Nous nous souvenons tous évidemment d’avoir un jour appris, derrière nos pupitres d’écoliers attentifs, cette grande période de l’Histoire qui permit de sortir l’Homme de "l’obscurantisme médiéval". Notre imaginaire collectif s’est construit autour de l’image d’un Moyen Age sombre, mystique et violent, que vint éclairer une période de Renaissance dans laquelle l’homme (européen) prenait une nouvelle place au sein du cosmos. Il est d’ailleurs significatif que les mandarins qui contribuèrent à façonner cette imagerie collective se soient déterminés comme Lumières. Lumières dans un monde assombri par l’arbitraire, étincelantes comme le feu prométhéen venant libérer l’homme de son essence animale. Mais la Lumière des uns est l’aveuglante obscurité des autres et l’humanisme européen pourrait bien devoir comparaître aujourd’hui pour répondre de la destruction d’éléments primordiaux de ce monde. Cet article va essayer d’interroger l’Humanisme, non plus comme l’élément de langage mélioratif qui qualifie un individu ayant une haute empathie pour ces frères humains, mais davantage comme une idée-force qui transforma durablement le rapport des européens au Monde et des Humains aux vivants.

Lorsqu’on interrogeait le Grand Monsieur Levi-Strauss sur ce qu’il souhaitait que les archéologues de l’an 3000 découvrent de notre humanité, ce dernier répondait avec malice:

« Je mettrai dans votre coffre des documents relatifs aux dernières sociétés primitives en voie de disparition, des exemplaires d’espèces végétales et animales proches d’être anéanties par l’homme, des échantillons d’air et d’eau non encore pollués par les déchets industriels, des notices et illustrations sur des sites saccagés par des installations civiles et militaires. Mieux vaut laisser quelques témoignages sur tant de choses que, par notre malfaisance et celle de nos continuateurs, ils n’auront pas le droit de connaître : la pureté des éléments, la diversité des êtres, la grâce de la nature, la décence des hommes. »

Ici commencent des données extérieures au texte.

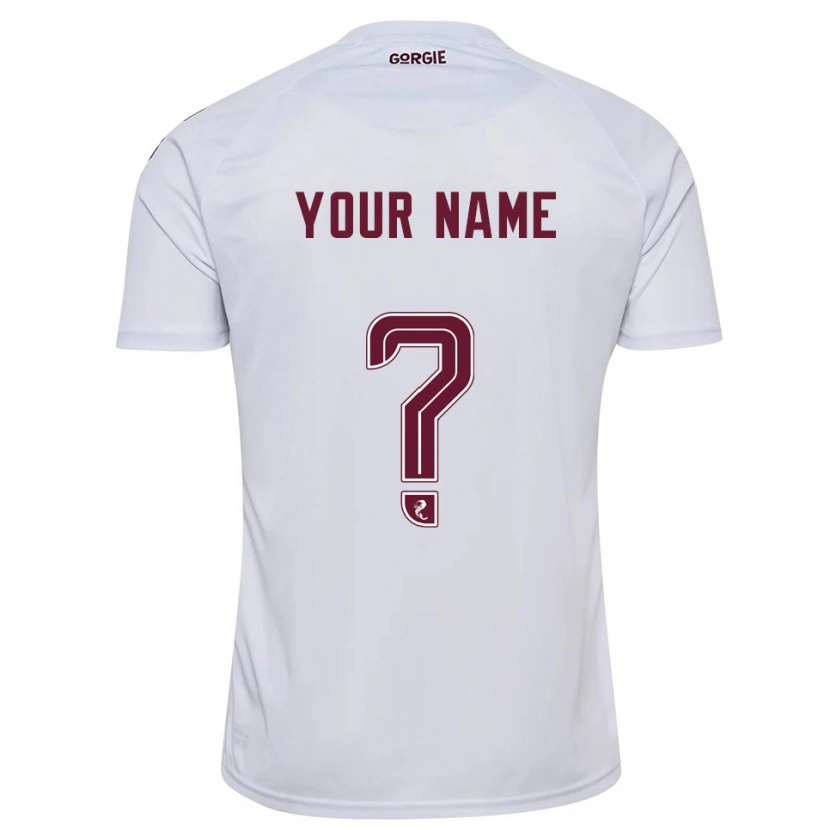 Danxen Donna Maglia Il Tuo Nome #0 Bianco Bordeaux Kit Gara Away 2025/26 Maglietta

Derrière cette citation, nous pouvons nous apercevoir que cette façon de penser l’Humain au centre de toutes choses et ayant vocation à maîtriser la Nature par sa technique, progressant toujours à la recherche de son propre dépassement, marqua durablement ces bipèdes doués de parole et l’ensemble de ce que ces fieffés égocentriques appellent aujourd’hui encore "leurs ressources naturelles".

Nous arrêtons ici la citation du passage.